An der Versammlung gabs auch einen emotionalen Moment für Cassis. Bei der Videozusammenfassung seines Wahlsiegs kämpfte der Tessiner sichtlich mit den Tränen.

Gleich drei Bundesräte vor Ort

Drei Bundesräte hat die Delegiertenversammlung – neben Ignazio Cassis auch Johann Schneider Ammann und den scheidenden Didier Burkhalter – in Engelberg im Kanton Obwalden gefeiert. In den Reden wurde der Wert des Liberalismus und der Eigenverantwortung betont.

Der FDP, die zwei der sieben Bundesratssitze inne hat, gefiel es in Engelberg sichtlich, für einmal eine Delegiertenversammlung mit drei eigenen Bundesräten durchführen zu können. Didier Burkhalter rief die Delegierten aber auf, bescheiden zu bleiben. Bescheidenheit sei die Basis für eine erfolgreiche Politik.

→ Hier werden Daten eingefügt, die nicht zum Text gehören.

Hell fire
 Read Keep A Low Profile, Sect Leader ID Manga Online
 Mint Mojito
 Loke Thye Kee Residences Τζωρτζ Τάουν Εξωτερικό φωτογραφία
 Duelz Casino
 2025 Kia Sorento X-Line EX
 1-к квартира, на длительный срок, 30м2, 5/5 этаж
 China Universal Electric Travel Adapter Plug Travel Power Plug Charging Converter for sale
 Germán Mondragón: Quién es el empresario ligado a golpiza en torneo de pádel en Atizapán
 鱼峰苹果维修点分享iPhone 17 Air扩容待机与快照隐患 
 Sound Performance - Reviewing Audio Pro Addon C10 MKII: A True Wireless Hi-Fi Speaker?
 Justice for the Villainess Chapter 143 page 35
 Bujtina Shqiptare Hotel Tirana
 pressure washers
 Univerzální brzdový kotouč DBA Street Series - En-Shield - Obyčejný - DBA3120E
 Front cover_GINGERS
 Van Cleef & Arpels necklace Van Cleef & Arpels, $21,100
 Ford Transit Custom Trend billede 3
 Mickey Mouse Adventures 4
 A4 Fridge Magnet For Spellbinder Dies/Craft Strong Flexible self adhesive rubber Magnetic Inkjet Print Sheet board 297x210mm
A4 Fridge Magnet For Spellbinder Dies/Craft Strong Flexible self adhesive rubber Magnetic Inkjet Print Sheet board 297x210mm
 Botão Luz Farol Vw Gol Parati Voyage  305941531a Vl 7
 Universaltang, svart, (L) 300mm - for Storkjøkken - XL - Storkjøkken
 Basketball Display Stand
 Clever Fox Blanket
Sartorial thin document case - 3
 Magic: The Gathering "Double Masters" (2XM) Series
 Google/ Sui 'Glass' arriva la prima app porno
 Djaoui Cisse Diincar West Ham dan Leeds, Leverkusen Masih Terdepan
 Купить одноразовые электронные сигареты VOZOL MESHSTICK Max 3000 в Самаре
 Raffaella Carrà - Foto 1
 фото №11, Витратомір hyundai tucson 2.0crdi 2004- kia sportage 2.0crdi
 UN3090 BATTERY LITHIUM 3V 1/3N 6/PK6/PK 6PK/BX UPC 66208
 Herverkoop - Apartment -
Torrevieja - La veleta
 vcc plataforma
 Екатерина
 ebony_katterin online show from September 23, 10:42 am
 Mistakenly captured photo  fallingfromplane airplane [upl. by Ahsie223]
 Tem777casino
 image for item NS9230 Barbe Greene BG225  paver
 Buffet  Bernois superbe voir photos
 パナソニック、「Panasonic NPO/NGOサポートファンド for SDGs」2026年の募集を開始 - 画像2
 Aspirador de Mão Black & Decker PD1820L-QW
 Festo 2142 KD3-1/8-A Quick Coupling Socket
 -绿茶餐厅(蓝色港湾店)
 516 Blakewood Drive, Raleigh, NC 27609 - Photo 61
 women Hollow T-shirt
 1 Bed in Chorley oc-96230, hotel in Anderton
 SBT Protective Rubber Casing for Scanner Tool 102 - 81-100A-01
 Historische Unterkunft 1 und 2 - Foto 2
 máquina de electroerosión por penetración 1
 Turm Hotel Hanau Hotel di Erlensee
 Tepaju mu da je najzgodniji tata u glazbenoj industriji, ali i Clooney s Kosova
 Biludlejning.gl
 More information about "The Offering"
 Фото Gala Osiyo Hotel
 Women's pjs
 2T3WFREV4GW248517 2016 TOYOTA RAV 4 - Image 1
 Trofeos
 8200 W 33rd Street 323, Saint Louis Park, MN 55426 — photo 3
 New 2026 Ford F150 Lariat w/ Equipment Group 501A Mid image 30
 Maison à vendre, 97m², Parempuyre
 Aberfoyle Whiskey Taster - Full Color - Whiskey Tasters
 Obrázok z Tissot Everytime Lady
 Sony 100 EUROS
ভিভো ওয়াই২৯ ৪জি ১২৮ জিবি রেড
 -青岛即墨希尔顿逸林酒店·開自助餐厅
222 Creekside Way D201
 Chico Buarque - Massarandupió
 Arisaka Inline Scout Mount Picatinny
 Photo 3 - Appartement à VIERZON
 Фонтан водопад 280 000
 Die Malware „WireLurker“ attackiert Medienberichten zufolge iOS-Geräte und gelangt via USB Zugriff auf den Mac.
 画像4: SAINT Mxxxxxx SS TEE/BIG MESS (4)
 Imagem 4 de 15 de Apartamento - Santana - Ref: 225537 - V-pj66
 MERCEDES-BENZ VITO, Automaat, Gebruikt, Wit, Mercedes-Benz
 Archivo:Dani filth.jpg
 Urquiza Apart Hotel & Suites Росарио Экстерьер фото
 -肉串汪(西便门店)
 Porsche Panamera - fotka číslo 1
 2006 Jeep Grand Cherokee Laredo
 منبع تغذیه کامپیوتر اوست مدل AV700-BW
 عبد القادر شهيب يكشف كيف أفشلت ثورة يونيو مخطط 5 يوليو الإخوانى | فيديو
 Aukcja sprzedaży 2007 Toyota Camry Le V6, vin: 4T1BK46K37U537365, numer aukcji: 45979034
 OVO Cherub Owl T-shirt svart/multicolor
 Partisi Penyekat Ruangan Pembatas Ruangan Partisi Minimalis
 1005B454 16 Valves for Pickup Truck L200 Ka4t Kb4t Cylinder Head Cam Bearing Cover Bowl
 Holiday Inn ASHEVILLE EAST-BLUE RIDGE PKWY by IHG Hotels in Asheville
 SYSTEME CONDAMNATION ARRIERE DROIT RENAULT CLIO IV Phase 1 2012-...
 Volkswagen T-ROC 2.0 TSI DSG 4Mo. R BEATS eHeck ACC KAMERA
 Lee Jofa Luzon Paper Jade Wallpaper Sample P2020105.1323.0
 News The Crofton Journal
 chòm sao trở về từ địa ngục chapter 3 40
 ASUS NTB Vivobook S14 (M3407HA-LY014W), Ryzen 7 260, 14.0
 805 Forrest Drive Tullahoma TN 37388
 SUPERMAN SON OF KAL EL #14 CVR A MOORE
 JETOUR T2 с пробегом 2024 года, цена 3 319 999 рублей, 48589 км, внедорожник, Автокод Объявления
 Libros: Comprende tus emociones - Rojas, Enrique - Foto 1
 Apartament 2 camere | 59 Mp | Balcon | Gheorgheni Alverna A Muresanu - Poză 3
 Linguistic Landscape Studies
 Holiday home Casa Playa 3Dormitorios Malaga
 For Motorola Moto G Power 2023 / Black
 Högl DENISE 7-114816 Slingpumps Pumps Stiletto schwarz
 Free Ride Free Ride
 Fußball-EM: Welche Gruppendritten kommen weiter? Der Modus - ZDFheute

Parteipräsidentin Petra Gössi attestierte dem abtretenden Aussenminister bei der Verabschiedung rhetorisches Talent, eine grosse Fähigkeit, Beziehungen aufzubauen und Weltoffenheit. Er sei als Bundesrat nicht nur Regierungsmitglied gewesen, sondern vor allem auch Mensch. Er habe ausgezeichnet die Werte der Schweiz und der FDP verkörpert.

Lang anhaltender Applaus

Burkhalter wurde von den Delegierten mit lang anhaltendem Applaus verabschiedet. Johann Schneider-Ammann lobte seinen Bundesratskollegen dafür, dass er in seinen Amtsjahren sich selbst treu geblieben sei.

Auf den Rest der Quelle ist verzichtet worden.